Keputusasaan Para Korban di Aceh

Belakangan, karena semakin sulitnya para korban melanjutkan hidup serta ketidakpastian sikap negara, sebagian warga mulai mengibarkan bendera putih. Bendera ini dikibarkan sebagai simbol bahwa mereka sudah tidak sanggup lagi bertahan dan memilih menyerah. Mereka merasa kalah oleh keganasan bencana di Sumatera yang diyakini dipicu oleh aktivitas perusahaan sawit, pertambangan, dan perusahaan HTI (Hutan Tanam Industri).

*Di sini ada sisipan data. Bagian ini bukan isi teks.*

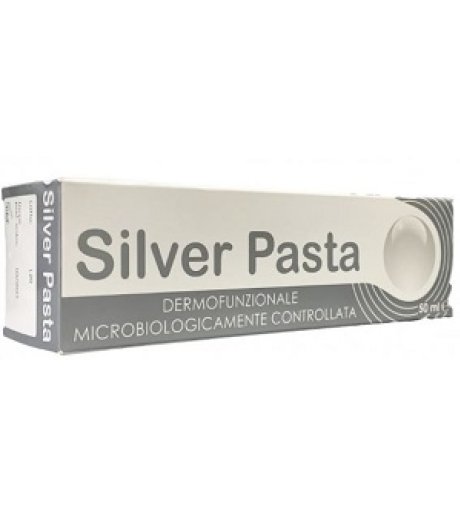 Silver Pasta 50ml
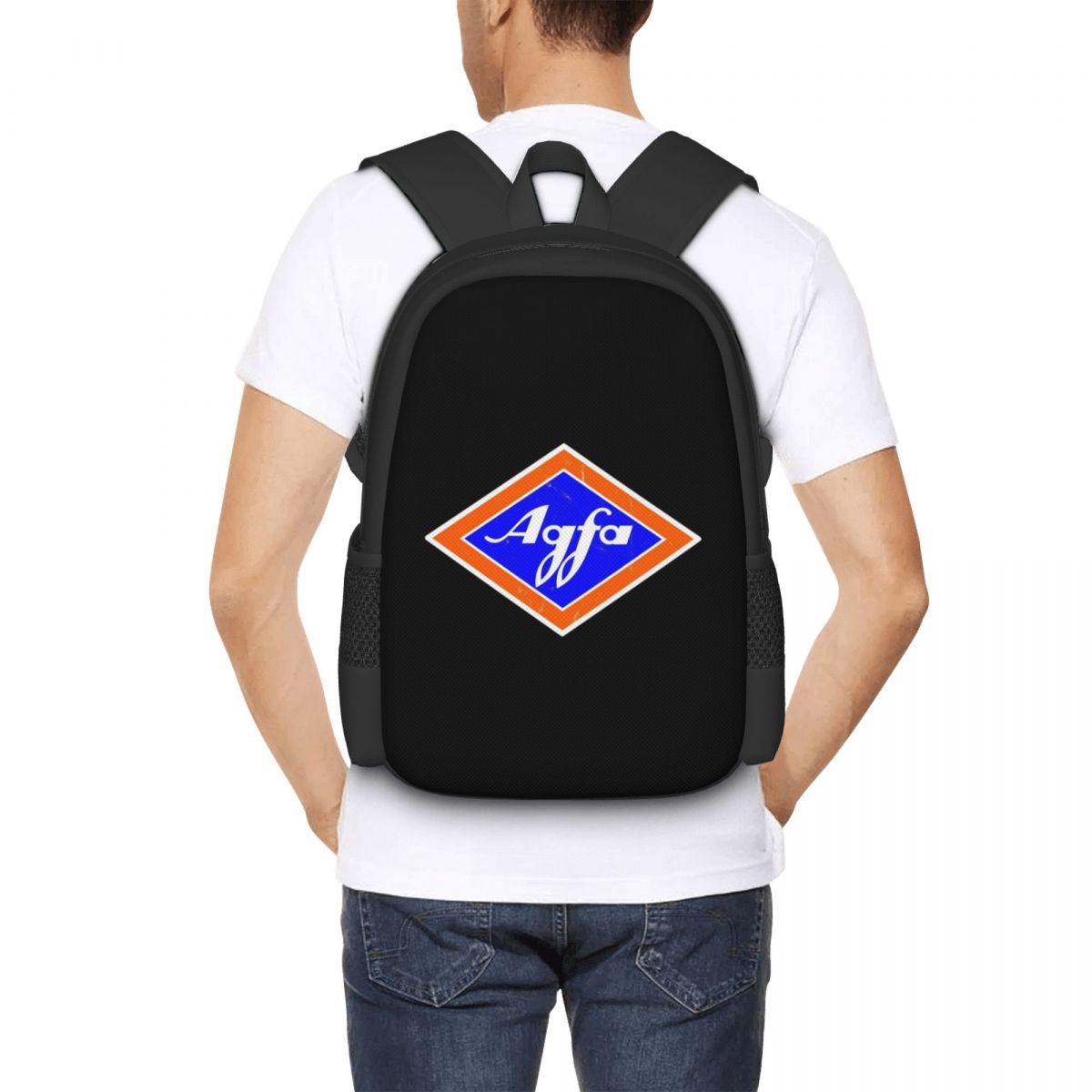 Retro Agfa Film Logo uit de ja - Women'S Fashion In The 1960S recensie en prijs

Kekecewaan terhadap sikap negara yang dianggap tidak serius menangani penderitaan mereka kemudian diekspresikan melalui pengibaran bendera Bulan Bintang. Bendera ini dikenal sebagai Bendera Aceh, yang secara visual memang sama dengan Bendera GAM (Gerakan Aceh Merdeka). Pengibaran bendera tersebut semakin marak sejak awal Desember hingga hari ini, terutama pada momentum-momentum yang dianggap sakral oleh masyarakat Aceh.

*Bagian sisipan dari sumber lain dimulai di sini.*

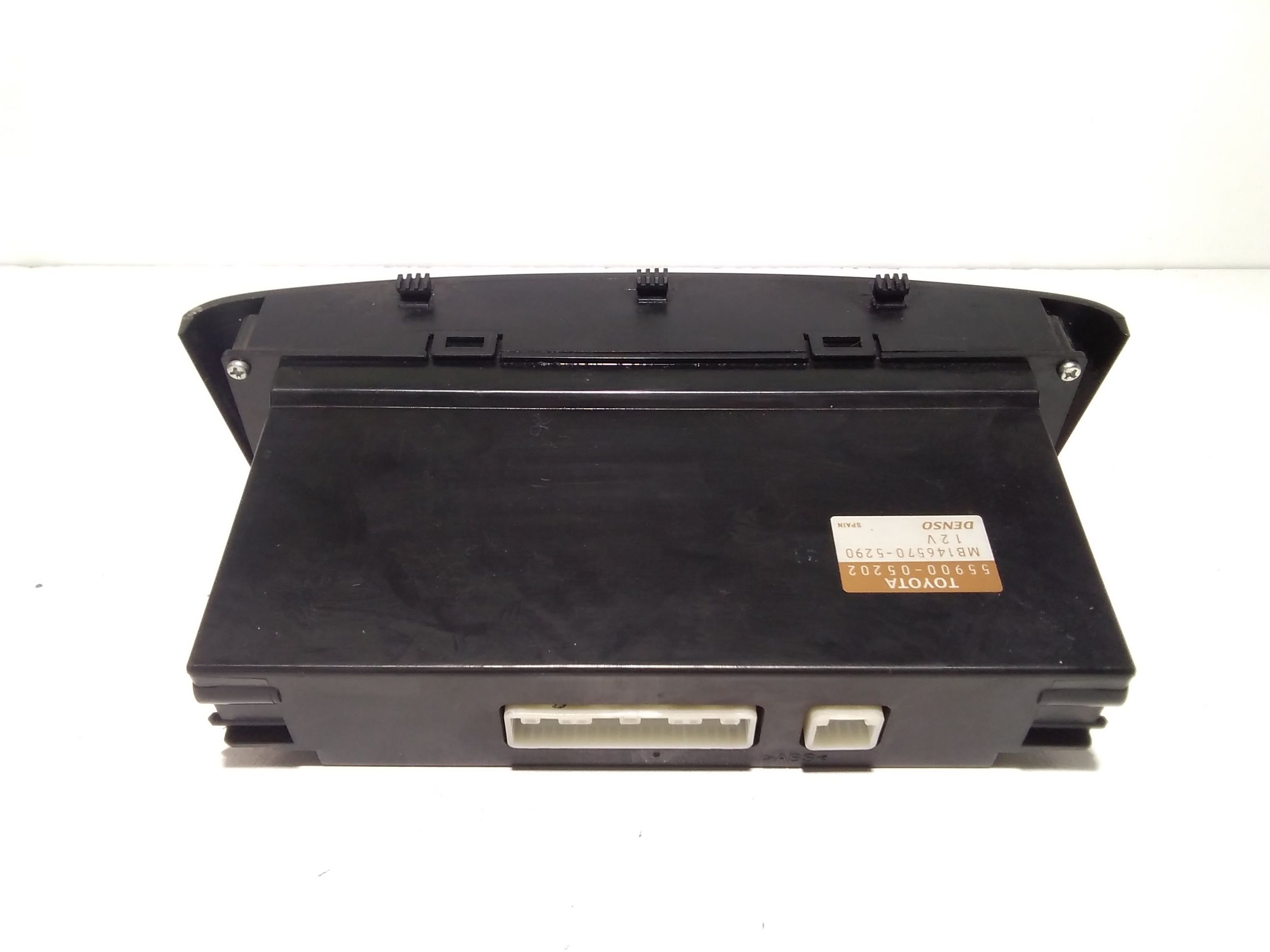 Comandi Clima TOYOTA Avensis S. Wagon 2 Serie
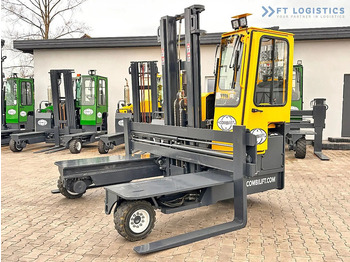 Carretilla de 4 vías COMBILIFT
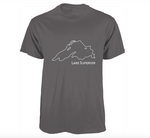 Lake Superior Souvenir T-Shirt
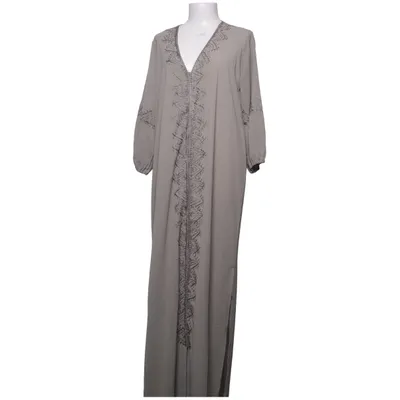 Robe longue (Vert) de Fira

Ketika Gubernur Aceh, Muzakir Manaf (Mualem), ditanya jurnalis mengenai maraknya pengibaran bendera Bulan Bintang, ia menjawab dengan santai, “Sudah diimbau. Tapi sesekali nggak apa-apa, namanya anak muda.” Mualem tampak memahami psikologis warganya dan memilih untuk tidak memperkeruh keadaan. Sikap ini berbeda dengan respons sebagian pengurus negara yang justru langsung melabeli pengibaran bendera Bulan Bintang sebagai simbol separatis, potensi makar, keinginan memisahkan diri dari NKRI, bahkan sebagai bentuk pengkhianatan terhadap negara.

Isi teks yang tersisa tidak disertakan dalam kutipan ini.